(Pictures with short captions)

_____

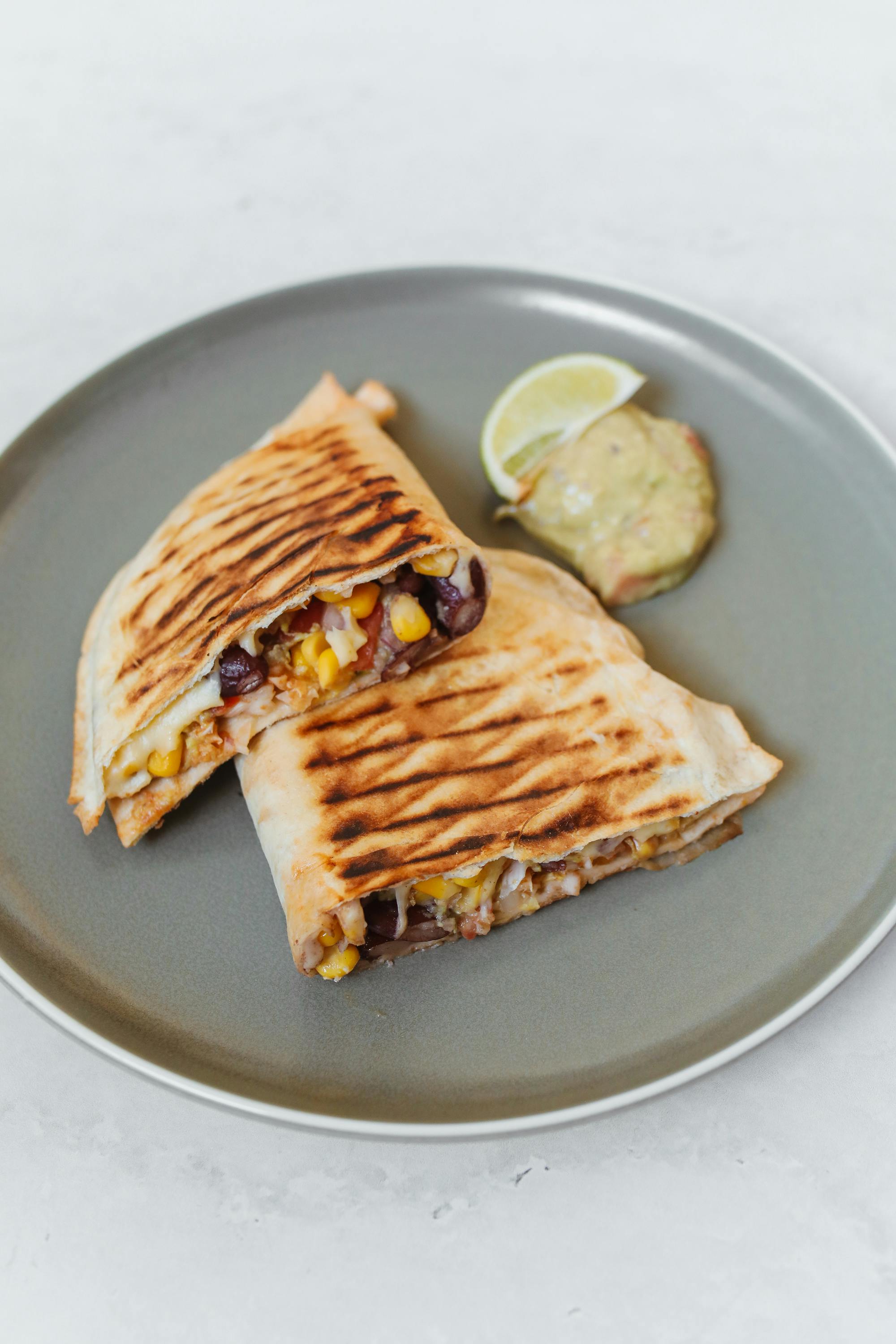 Vegetarian Quesadilla Grilled flour tortilla filled with cheese, bell peppers, onions, mushrooms, and tomatoes. Garnished with guacamole, sour cream, and lettuce.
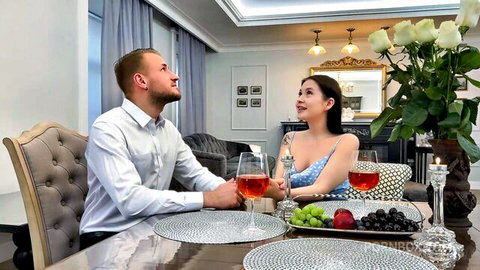 Romantic couple toasting wine glasses at elegant dinner table with fruit and roses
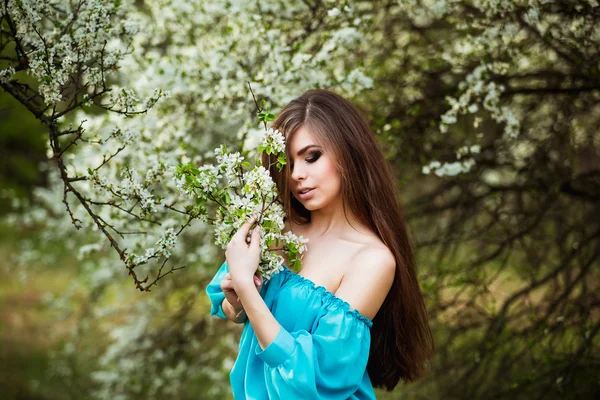 Beautiful young woman with long healthy hair relaxing at blossom park. — Stock Photo, Image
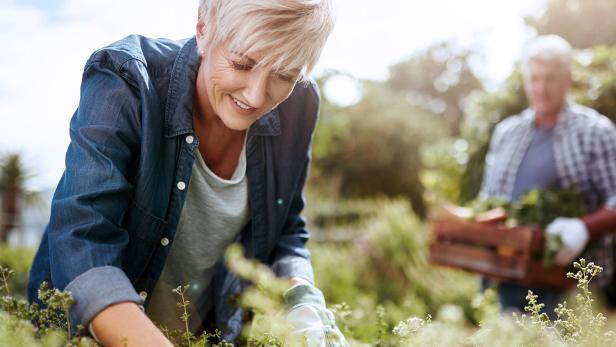 Frau arbeitet lächelnd im Garten, im Hintergrund steht ein Mann mit einer Holzkiste voller Gemüse.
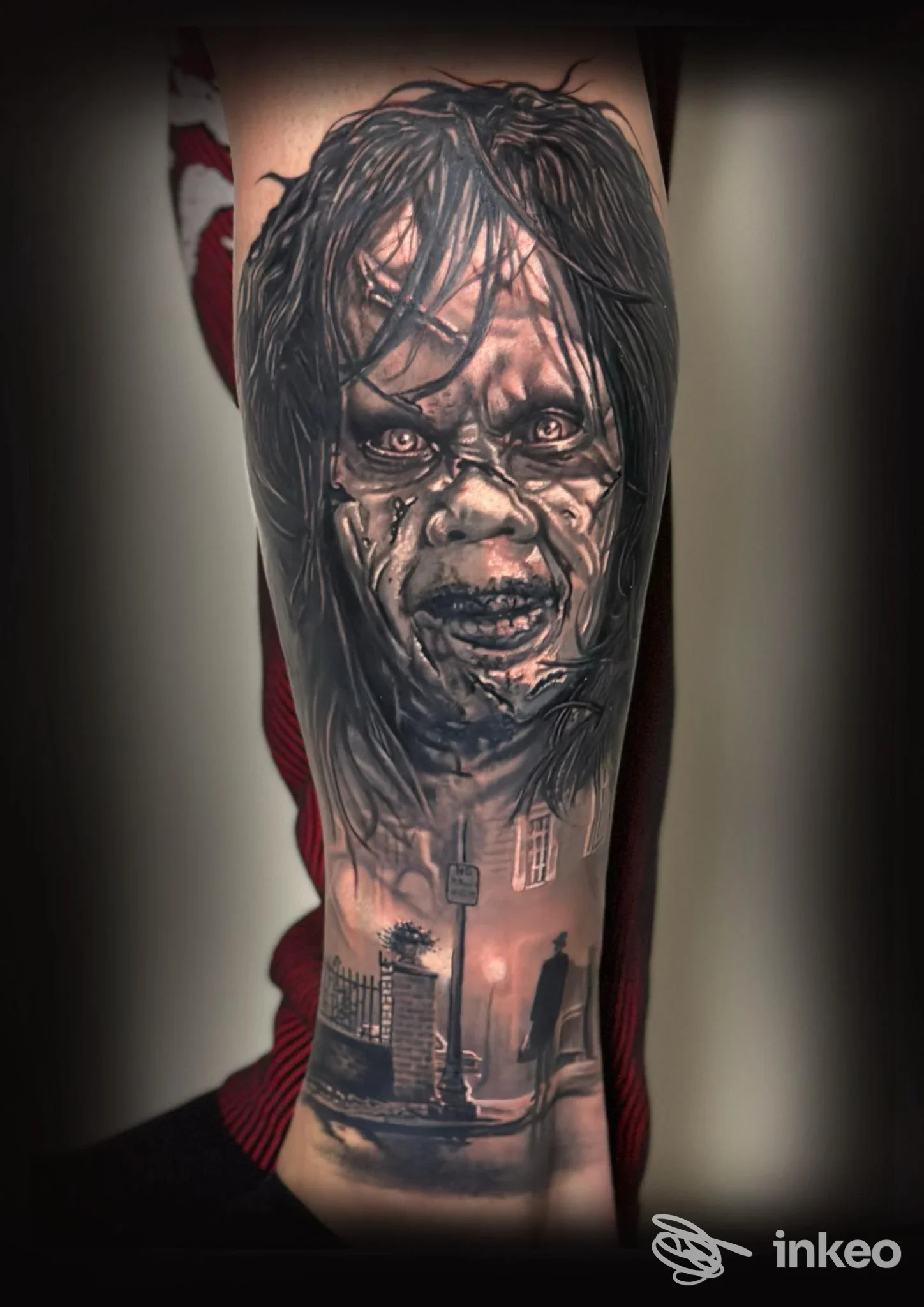 Fotografia ravvicinata di un braccio sinistro con un tatuaggio realistico: volto di zombie e scena urbana in bianco e nero.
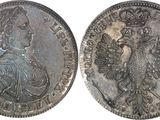 a close up of two silver coins on a white background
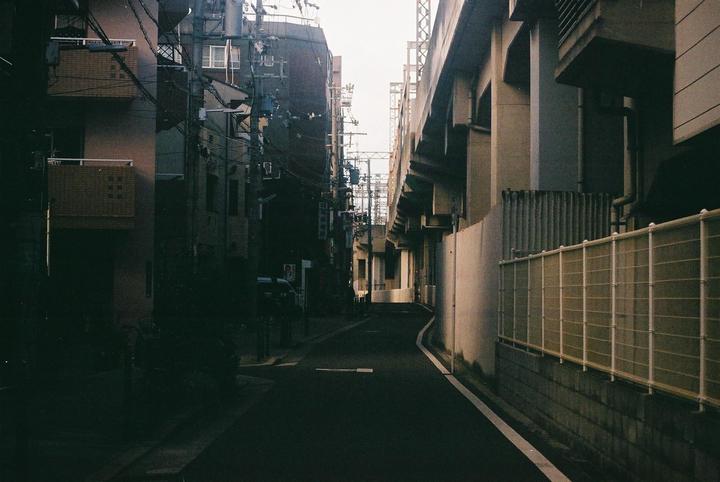A narrow street is flanked by buildings and an elevated structure, with utility poles and wires visible on the left.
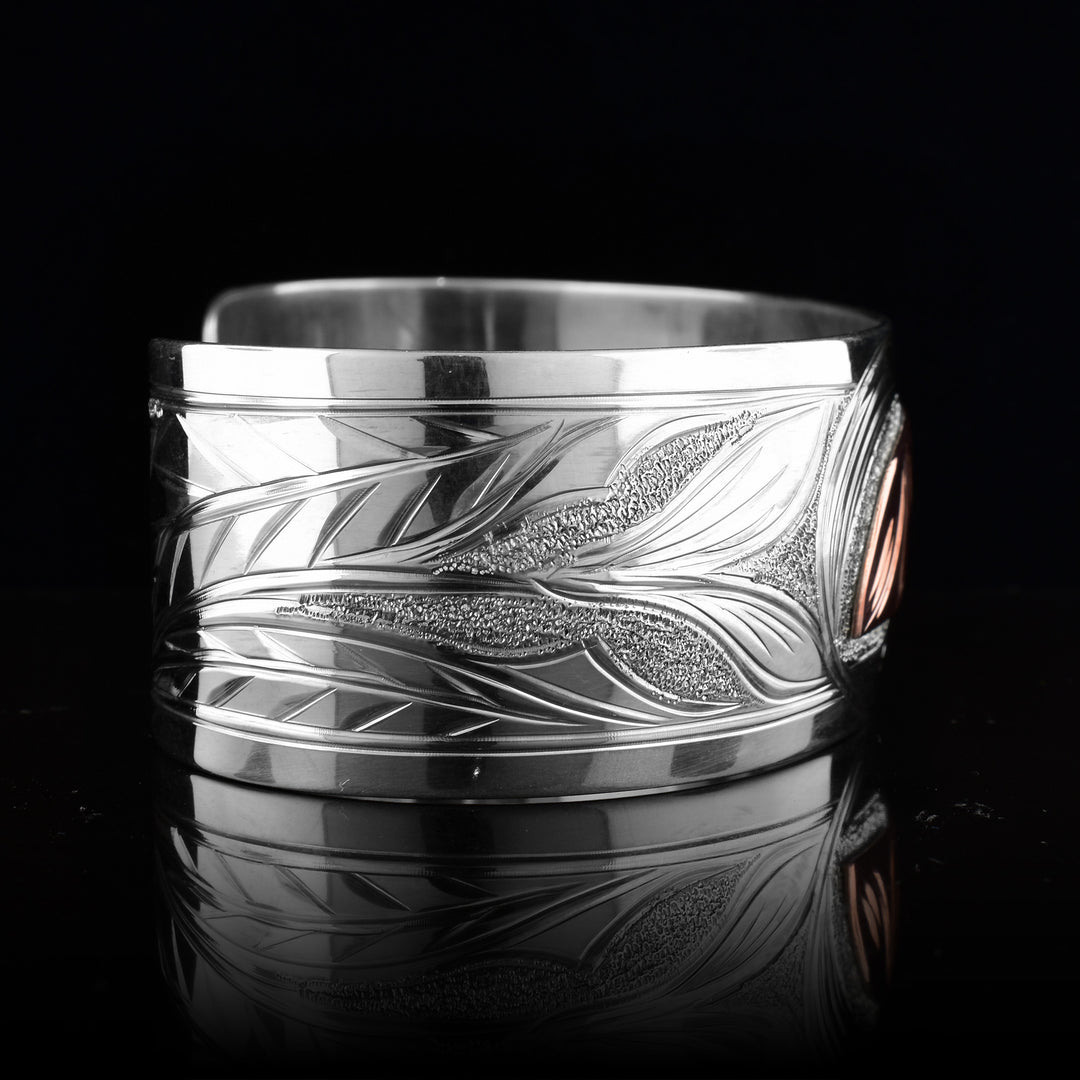 This Hummingbird bracelet with moon has a single, wide band made from sterling silver. The moon legend is depicted as a half circle cut horizontally and is done using copper. You can see half of the face of the Moon legend. On one end of the band, there are floral designs in silver including around the Moon. On the other side, there is a Hummingbird head done at a side profile with its beak reaching into the moon.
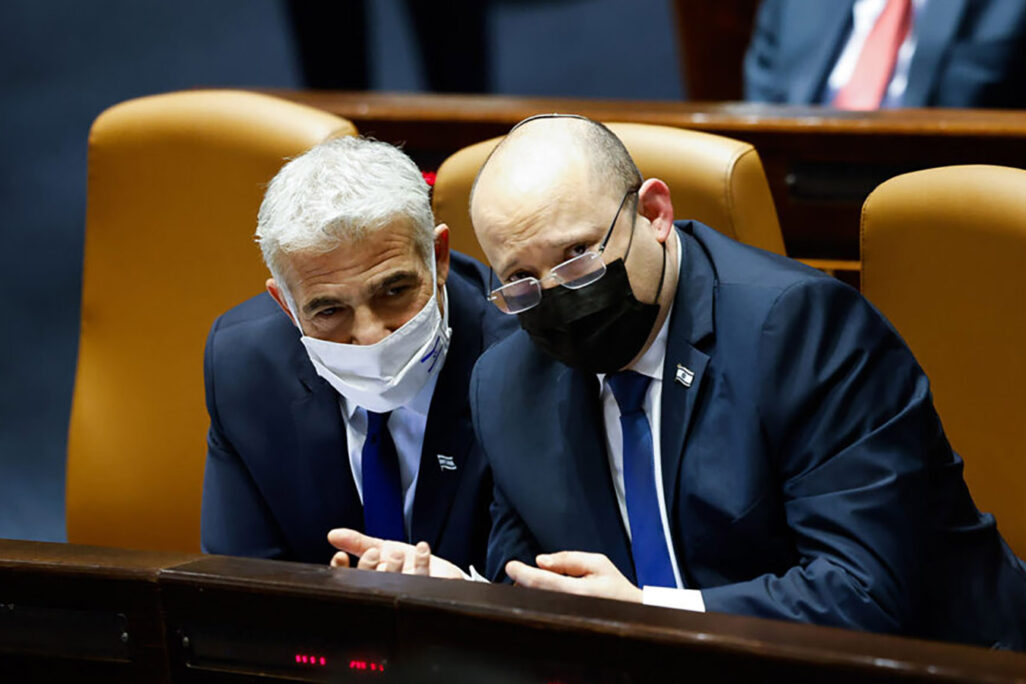 Israeli prime minister Naftali Bennett and Minister of Foreign Affairs Yair Lapid attend a plenum session in the assembly hall of the Knesset. (Photo: Olivier Fitoussi/Flash90)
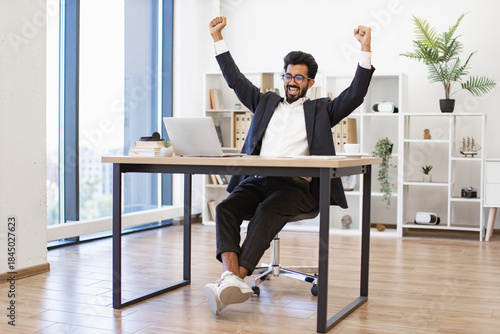 An Indian businessman is celebrating a success in his modern office, raising his arms in triumph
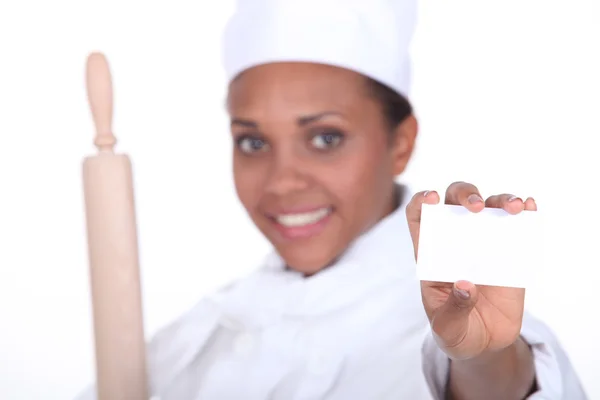 Female chef holding business card — Stock Photo, Image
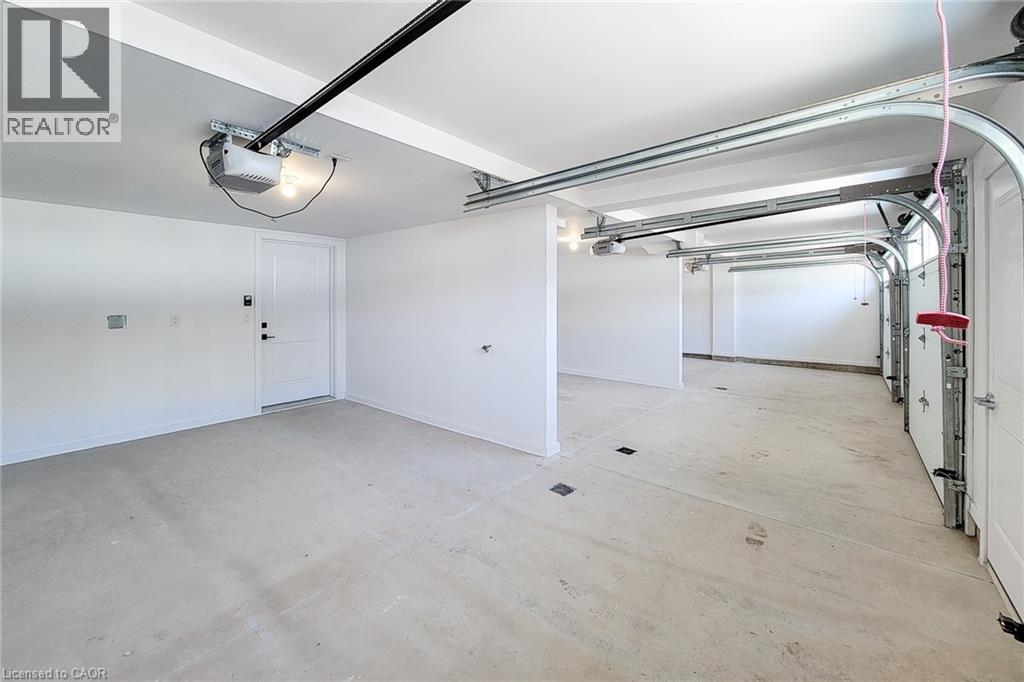 A spacious room with a white door and a ceiling light.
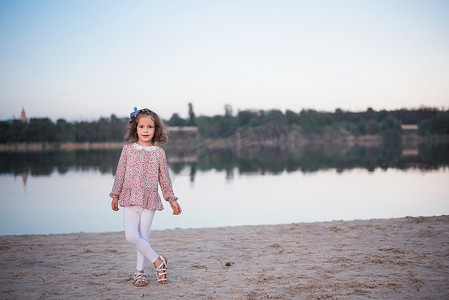 在湖边白色长裤的时髦女孩。孩子在沙子上赤脚花钱。美丽的小女孩在水库附近摆姿势。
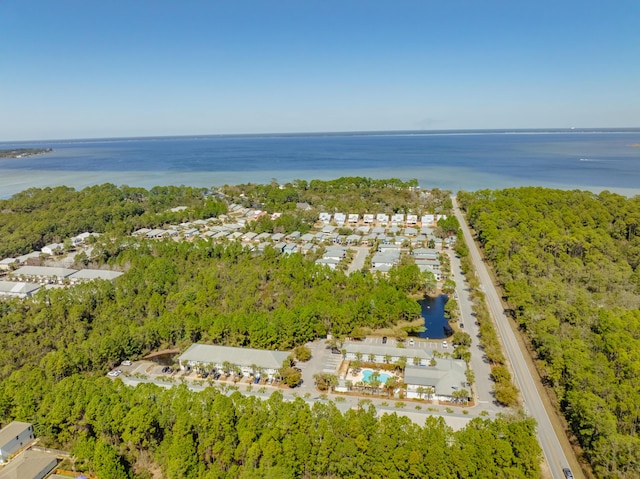 aerial view with a forest view and a water view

_____

(Exercise details):
Each entry above must be set down word for word; none of its pictures belong in the copy.

(Expected answer):
 Vegetarian Quesadilla Grilled flour tortilla filled with cheese, bell peppers, onions, mushrooms, and tomatoes. Garnished with guacamole, sour cream, and lettuce.
 Romantic couple toasting wine glasses at elegant dinner table with fruit and roses
 Beautiful young woman with long healthy hair relaxing at blossom park. — Stock Photo, Image
 Frau arbeitet lächelnd im Garten, im Hintergrund steht ein Mann mit einer Holzkiste voller Gemüse.
 Fotografia ravvicinata di un braccio sinistro con un tatuaggio realistico: volto di zombie e scena urbana in bianco e nero.
 a close up of two silver coins on a white background
A narrow street is flanked by buildings and an elevated structure, with utility poles and wires visible on the left.
 This Hummingbird bracelet with moon has a single, wide band made from sterling silver. The moon legend is depicted as a half circle cut horizontally and is done using copper. You can see half of the face of the Moon legend. On one end of the band, there are floral designs in silver including around the Moon. On the other side, there is a Hummingbird head done at a side profile with its beak reaching into the moon.
 Israeli prime minister Naftali Bennett and Minister of Foreign Affairs Yair Lapid attend a plenum session in the assembly hall of the Knesset. (Photo: Olivier Fitoussi/Flash90)
 An Indian businessman is celebrating a success in his modern office, raising his arms in triumph
 Female chef holding business card — Stock Photo, Image
 A spacious room with a white door and a ceiling light.
 在湖边白色长裤的时髦女孩。孩子在沙子上赤脚花钱。美丽的小女孩在水库附近摆姿势。
 aerial view with a forest view and a water view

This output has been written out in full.